The force up the ramp then must offset both the component of weight (m*g) that points down the incline || to the surface and the force of friction determined by the coefficient of friction and the weight normal to the surface.

3. Apr 9, 2009

### wilson_chem90

alright well this is what i got for a)

Fg = mg sin45
= 22 kg (9.8 m/s^2) sin45
= 183.4 N

Ff = uSFn
= 0.78(183.4N)
= 143.1N

4. Apr 9, 2009

### LowlyPion

I think you will want to check your math again for Fg.

I will trust that you know that Fn is not based on Sin45 but Cos45, which in this case does happen to be the same.

5. Apr 9, 2009

### wilson_chem90

ohhhh sorry, it is cos eh. so it equals 113.3 N not 183.4 N.

so that means Ff = 0.78(113.3 N)
= 88.4 N

6. Apr 9, 2009

### LowlyPion

No because 183.4 in not correct.

22*9.8*(.707) is not 183.4.

7. Apr 9, 2009

### wilson_chem90

yeah sorry, i didn't have my calculator in degrees that was the problem

and i thought you mean't that it was cos, and i was pretty sure it was sin anyways

but yeah so Fg = 152 N
and Ff = 118.6 N

8. Apr 9, 2009

### LowlyPion

Well you still have to construct the equations necessary to determine the answers to a) and b).
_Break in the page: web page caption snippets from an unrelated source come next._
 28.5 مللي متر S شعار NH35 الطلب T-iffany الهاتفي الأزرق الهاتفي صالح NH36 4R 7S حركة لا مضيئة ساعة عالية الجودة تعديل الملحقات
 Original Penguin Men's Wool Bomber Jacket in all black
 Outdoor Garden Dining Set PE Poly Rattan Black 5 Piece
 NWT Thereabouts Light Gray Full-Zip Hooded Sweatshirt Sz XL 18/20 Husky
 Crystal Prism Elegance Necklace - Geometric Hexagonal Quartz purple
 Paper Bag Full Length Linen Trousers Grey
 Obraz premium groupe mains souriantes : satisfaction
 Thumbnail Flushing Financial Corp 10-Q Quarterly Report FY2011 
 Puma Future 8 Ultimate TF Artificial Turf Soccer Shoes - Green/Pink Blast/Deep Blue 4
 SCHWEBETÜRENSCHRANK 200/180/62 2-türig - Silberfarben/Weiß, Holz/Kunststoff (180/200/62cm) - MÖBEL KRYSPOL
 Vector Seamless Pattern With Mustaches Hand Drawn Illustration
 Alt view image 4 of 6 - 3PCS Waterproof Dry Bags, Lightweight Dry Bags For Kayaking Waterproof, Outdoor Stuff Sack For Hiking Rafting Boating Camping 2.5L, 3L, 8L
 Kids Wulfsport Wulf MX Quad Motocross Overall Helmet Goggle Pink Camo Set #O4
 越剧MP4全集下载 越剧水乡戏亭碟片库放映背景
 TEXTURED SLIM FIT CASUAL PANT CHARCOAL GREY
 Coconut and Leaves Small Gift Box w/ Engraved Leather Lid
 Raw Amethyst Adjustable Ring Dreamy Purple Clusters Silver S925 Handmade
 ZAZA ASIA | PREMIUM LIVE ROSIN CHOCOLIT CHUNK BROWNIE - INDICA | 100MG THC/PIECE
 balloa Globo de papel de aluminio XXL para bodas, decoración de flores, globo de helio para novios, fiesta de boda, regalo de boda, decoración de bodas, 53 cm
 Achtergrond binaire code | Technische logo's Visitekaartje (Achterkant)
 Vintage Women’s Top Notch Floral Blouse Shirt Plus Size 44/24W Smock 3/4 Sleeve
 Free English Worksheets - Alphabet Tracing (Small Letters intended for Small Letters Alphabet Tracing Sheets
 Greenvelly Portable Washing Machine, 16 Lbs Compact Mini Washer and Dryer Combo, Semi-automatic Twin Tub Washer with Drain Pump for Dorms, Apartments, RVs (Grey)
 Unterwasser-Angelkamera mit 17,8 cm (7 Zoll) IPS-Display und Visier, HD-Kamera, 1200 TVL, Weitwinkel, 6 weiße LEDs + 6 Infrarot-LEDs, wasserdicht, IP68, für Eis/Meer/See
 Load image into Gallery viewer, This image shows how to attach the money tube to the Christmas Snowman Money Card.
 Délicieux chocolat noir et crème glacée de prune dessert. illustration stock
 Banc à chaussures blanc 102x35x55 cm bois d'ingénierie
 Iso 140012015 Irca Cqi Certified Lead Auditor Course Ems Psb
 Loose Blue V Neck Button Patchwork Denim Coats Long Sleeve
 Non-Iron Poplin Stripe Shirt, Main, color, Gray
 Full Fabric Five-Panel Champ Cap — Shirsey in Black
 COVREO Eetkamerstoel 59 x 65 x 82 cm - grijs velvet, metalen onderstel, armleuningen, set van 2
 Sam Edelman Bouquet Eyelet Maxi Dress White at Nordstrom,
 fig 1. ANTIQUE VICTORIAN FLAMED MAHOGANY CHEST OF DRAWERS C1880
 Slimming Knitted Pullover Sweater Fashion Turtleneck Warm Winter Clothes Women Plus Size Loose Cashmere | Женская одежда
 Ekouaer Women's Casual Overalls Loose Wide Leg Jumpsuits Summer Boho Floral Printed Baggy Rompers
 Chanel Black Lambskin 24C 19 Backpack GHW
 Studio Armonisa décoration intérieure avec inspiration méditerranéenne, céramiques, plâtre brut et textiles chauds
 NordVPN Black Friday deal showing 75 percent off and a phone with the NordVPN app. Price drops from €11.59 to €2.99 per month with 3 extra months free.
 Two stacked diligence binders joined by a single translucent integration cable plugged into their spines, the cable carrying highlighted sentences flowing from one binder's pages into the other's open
I will presume that you have done that correctly.

9. Apr 10, 2009

### wilson_chem90

yeah so what i would do for a) is add the static frictional force and the gravitational force and then for b) i would do the same but use kinetic friction and subtract the 2 forces

10. Apr 10, 2009

### LowlyPion

Careful. For a) and b) It says "to remain at rest". That suggests to me that kinetic frictional considerations are not relevant. So whatever excess of normal force that is needed (times the coefficient of static friction) to offset the force of gravity that is || along the incline.

11. May 18, 2009

### wilson_chem90

sorry its been awhile since i've replied, but i understand what you mean, and understand how to get normal force but do i have to sin or cos inorder to determine it? since its perpendicular

12. May 18, 2009

### LowlyPion

I suspect this link covers it in more detail than you want:
http://www.glenbrook.k12.il.us/gbssci/Phys/Class/vectors/u3l3e.html [Broken]

Last edited by a moderator: May 4, 2017
13. May 18, 2009

### wilson_chem90

thanks, i figured it was that..
anyways this is what i got

Fn = mgcos45
= 22kg(9.8m/s^2)cos45
= 152.4 N

Ffs = FnuS
= 152.4 N(0.78)
= 118.9 N

14. May 18, 2009

### wilson_chem90

sorry i would also then subtract Fn - Ff

so it would be 152.4 N - 118.9 N
which would be 33.5 N

15. May 18, 2009

### LowlyPion

You have the force of friction, but you are apparently subtracting it from its weight.

What is the force of gravity down the incline?

Isn't that mg*sinθ ?

So for a) you have F up the incline = 118.9 + 154*sinθ won't you, because you have to overcome both gravity and friction in the up incline direction.

16. May 18, 2009

### LowlyPion

For b) consider how much additional force needs to act through the coefficient of static friction to keep it in position.

Remember that while the normal force acts perpendicular to the incline, its effect results in resistance along the incline.